Figure 3. Expression of RPRM protein in the zebrafish olfactory system. RPRM protein localization was examined by immunofluorescence (IF) in wild-type embryos. At 24 h post-fertilization (hpf). (A–C) Frontal and (D–F) lateral views with dorsal to the top and ventral to the bottom (double arrows in C). (A,D) RPRM is expressed in the OP. The OP give rise to primary sensory neurons, and support basal cells of the OE. (B,E) Overlapped expression of RPRM with acetylated tubulin (Ac-tub) in the axons projecting to the presumptive olfactory bulb (OB) in the central nervous system (CNS). (C,F) Nuclei of the head cells are labeled by Hoechst staining. (G) Sequence conservation between human immunogen and zebrafish RPRM proteins. (H,I) RPRM protein expression is effectively blocked by antisense oligonucleotide MOs. (H,I) Frontal views of the head region in control-MO and RPRM MO-injected embryos by double immunofluorescence confocal microscopy at 48 hpf (with antibodies against RPRM and GFP). RPRM antibody labeled the olfactory system (OS, in red) in (H) MO-control injected embryos, but not in (I) RPRM MO-injected embryos. Scale bars in (B,E,H): 100 μm.

Validation of Anti-RPRM Antibody in Zebrafish Embryos

An alignment of the human and zebrafish RPRM protein sequences revealed a striking conservation pattern on the predicted transmembrane and C-terminus domains of the proteins (Figure 3G), from where the immunogenic sequence comes. This information suggested that anti-human RPRM antibody may also work on zebrafish RPRM proteins. To validate the specificity of the RPRM antibody we performed knockdown of RPRM genes by using antisense oligonucleotide morpholinos (MOs). Reduction in immunoreactivity was confirmed by IHC in MO-injected embryos compared with control MOs (Figures 3H,I). Loss-of-function was performed in the transgenic Tg(fli1:GFP) line, using the GFP signal as a counter label for immunoreactivity (Figures 3H,I).
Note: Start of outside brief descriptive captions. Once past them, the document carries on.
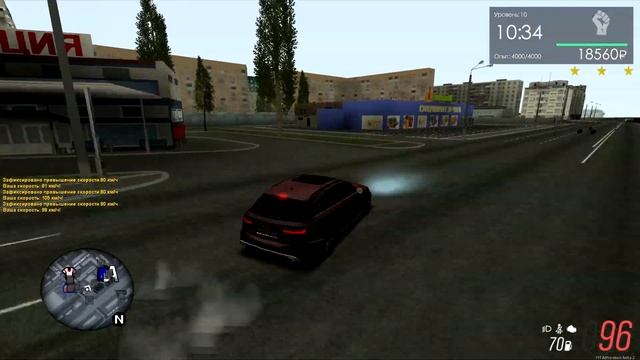 ЭЙ ,БИОМУСОР, КАК ТЕБЕ ТУСА?? смотреть онлайн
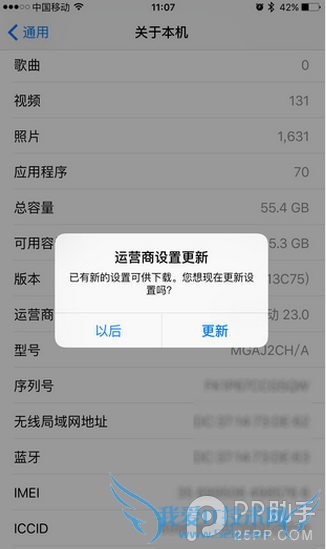 iOS9.2Թ 52IJֻ֮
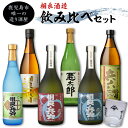 【ふるさと納税】【相良酒造】芋焼酎 飲み比べ 6本 セット グラス付き 至福の一杯 鹿児島市 焼酎 アルコール 酒 お酒 芋 相良兵六 醇良兵六紅薩摩 醇良兵六栗黄金 相良十代目チャレンジ 黒麹 白麹 25度 720ml 900ml 瓶 お土産 ご当地 贈り物 送料無料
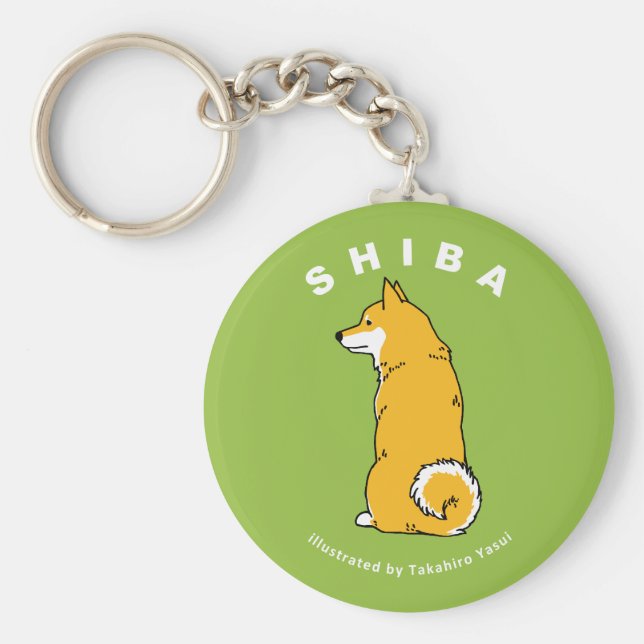 Porte-clés Shiba Porte - clé (Devant)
Over the following 48 h, RPRM expression maintain restricted to the anterior portion of the PNS (compared Figures 4A–D). At 72 hpf, the expression of RPRM is observed in cells adjacent to the apical surface, where the olfactory sensory neurons (OSN) are located (Figures 4F,F′, inset magnification), and the supraorbital neuromasts (SO, Figures 4D,F, 5A), distal cranial sensory ganglia (CSG) and the TeO (Figures 5A–C), showing positive staining in the optic neuropil (Figures 5D–6F), and the axons which project toward the stratum periventriculare (Figures 5E,F). At this developmental stage, RPRM is also located in the habenular commissure (hbc) and in the axons within the hindbrain (Hb) (Figures 6A–C). Our results indicate that in embryonic zebrafish, RPRM is prominently expressed in sensory organs such as the olfactory, optic systems, and ganglia originated from the epibrancheal placodes (Figures 5A–C,6A–C).
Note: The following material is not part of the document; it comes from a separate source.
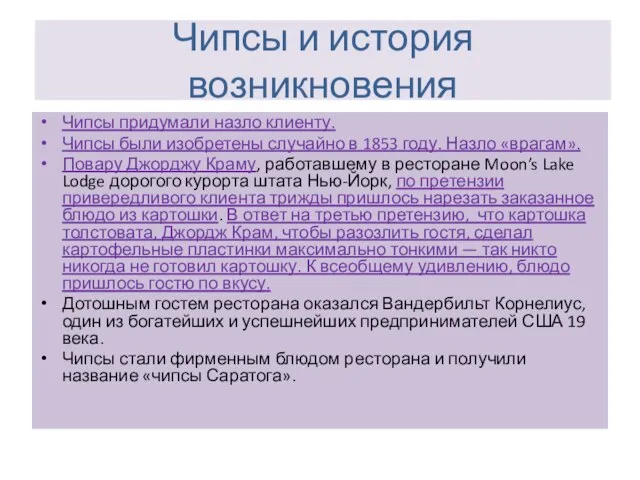 Чипсы и история возникновения Чипсы придумали назло клиенту. Чипсы были изобретены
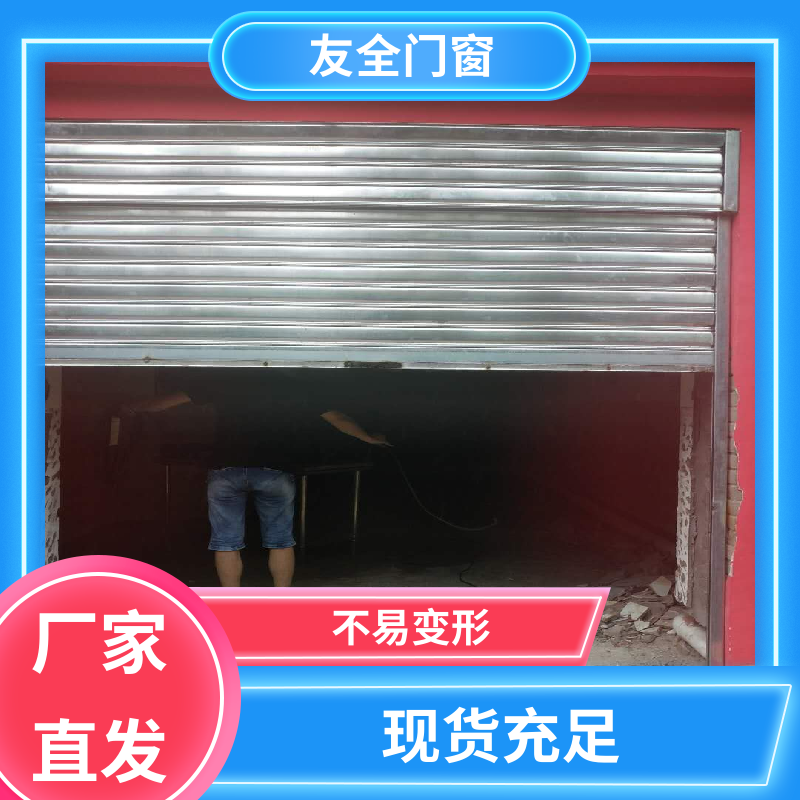 友全机电 车库 铝合金卷帘门 产品类型齐全 项目业务广泛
Figure 4. Expression of RPRM in zebrafish olfactory epithelium. RPRM protein expression was analyzed by IF in wild-type embryos. (A–F) Frontal views with dorsal to the top and ventral to the bottom (double arrows in A,D). At 48 hpf (A–C) RPRM is expressed in the OE showing co-localization with Ac-tub. (B–C). At 72 hpf, (D–F) RPRM is expressed at the OE and co-localizes with olfactory sensory neurons (OSNs) which express Ac-tub (F–F) and some of the axons projecting to the OB, also is present in the supraorbital neuromasts (SO) located bilaterally (dotted circles in D, F). (D–F) inset magnification at the OE showing RPRM and Ac-tub expression in OSNs (yellow square and arrows). Scale Bars in (A,D,D): 100 μm.
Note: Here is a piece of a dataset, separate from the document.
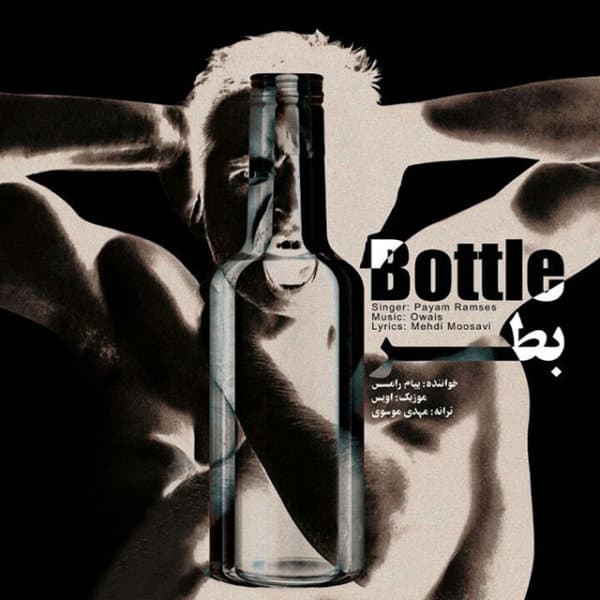 Botr · Payam Ramses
Figure 5. Expression of RRPM in zebrafish tectum opticum. Whole-mount immunofluorescence showing RPRM staining in a representative zebrafish embryo at 3dpf. (A–C) Dorsal view with anterior to the top, posterior to the bottom (double arrows in C). Expression of RPRM is shown in green and Ac-tub is shown in red. Positive labeling is observed in the OE, supraorbital neuromasts (SO, brackets), cranial sensory ganglia (CSG, brackets) and TeO (dotted white areas in A–C). (D–F) Magnification of TeO area with anterior to the upper-left and posterior to the bottom-right (double arrows in D), showing optic neuropil area labeled bilaterally (dotted white areas in D) as well as projections extending radially toward the midline (red dotted area in E). (F) Merged image for (D,E). (A–F) All the panels represent z-stack projections. Scale Bars in (A,D): 100 μm.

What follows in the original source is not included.